The ones concerning void; I was under the impression that void pointers should be avoided(oh hey, a pun :P), because I read things like the reply to this: List of pointers to different types of objects "Only use a void as a last and very,very dangerous solution."

So what's the use of having a pointer of type void, and a pointer-to-pointer of type void, and accessing the type "void" with lambda?? What does that even do? It's not a variable to fetch stored data from it, what is it accessing? And what would "output_file" do when it isn't assigned a type nor is it stored(so I guess it doesn't return anything, and it isn't returned so it doesn't look like a function), it doesn't have brackets so it doesn't need parameters - it's just an identifier standing there, what does it do? And what does it matter if your int-pointer is unsigned? Aren't all ints like a base class almost(I know int isn't a class) so you can point to another integer with any kind of int? All signed and unsigned integers have the same size when pointing to where in the memory it should be stored i.e. what address, it's just a question of what "direction" or value it will/can hold there.

EDIT:

Attempting to narrow the question down: How does accessing the type "void" work, and what does [&refvar] do?

Answer 1

fstream& refvar{ output_file };

Declares a local variable of type "reference to an fstream" and initializes it with a reference to the output_file member.

[&refvar]

Capture refvar for the lambda. In other words, the lambda stores a reference to refvar that can be accessed within the lambda body.

(const void* dvar)

The lambda argument list. This lambda can be called with a const void pointer (named dvar).

-> void

The lambda return type (void).

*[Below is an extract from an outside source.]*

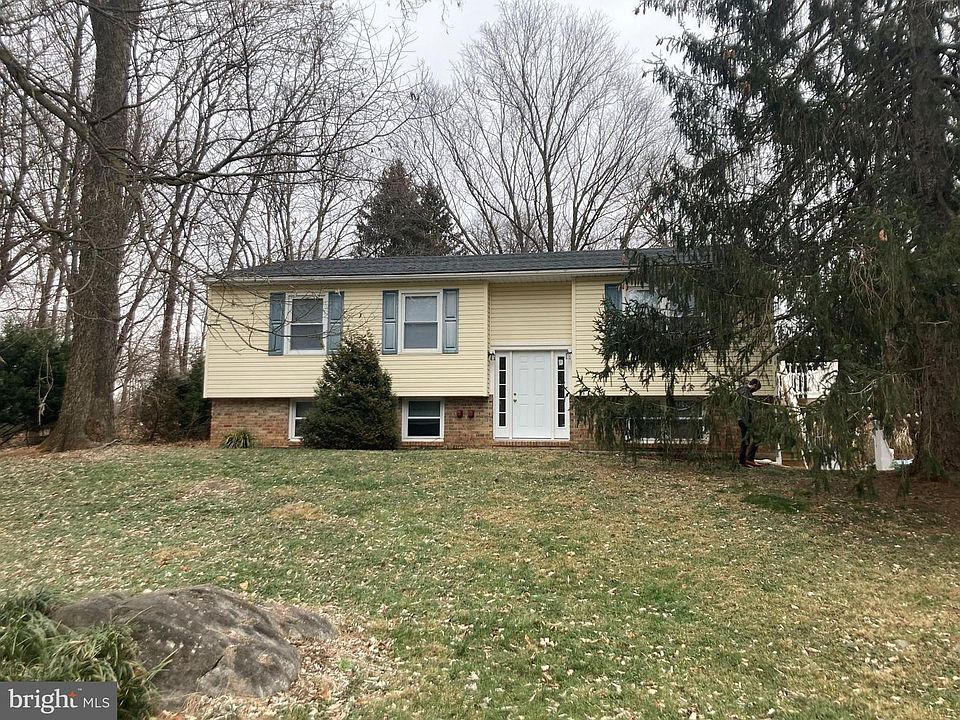 1st image of 162 Meadowlark Ln #200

Note that this "trailing return type" version is also possible for normal functions, but rarely used there.

The last ones are obvious pointer types.

As for "what do you do with the void pointer": Dereferencing the void pointer in C++

Answer 2

Although Max Langhof's answer is satisfactory, I want to explain this to myself for future use(and maybe someone else might find this explanation even more straightforward or useful):

1. fstream& refvar{ output_file };
2. [&refvar]
3. (const void* dvar)
4. -> void
5. void**
6. unsigned int*

Answers:

1. This actually returns the member variable "output_file" strangely enough(NOTE: if in doubt, try this in a small class).
2. This is part of a "lambda function", which is like a callback function in javascript. [&refvar] takes "refvar" from outside of the lambda function and gives a reference to it to be used inside of the lambda function, solves scope trouble.
3. A void-pointer can point to any kind of object(like Java's Object-type), but if you want it dereferenced, it can't do that, unless you type-cast it first to the desired type, and then dereference it. I still don't know why it was called dangerous though. Might have been that one-in-a-million situation where you have to.
4. -> void is the return type of the lambda function, the -> is just how it's written, nothing to do with accessing a member.
5. void** is, obviously, a void ptr-to-ptr, can be used the same way void* can be used, don't know if you have to type-cast it twice(once for each dereferencing, but try it out and see).
6. I'm not entirely sure why the array size pointer was unsigned, but if the array wants a larger size(quantities can only be positive or 0, so makes sense to have a positive limit as big as it can get) then it can get it, and maybe a signed pointer can't point to an unsigned pointer.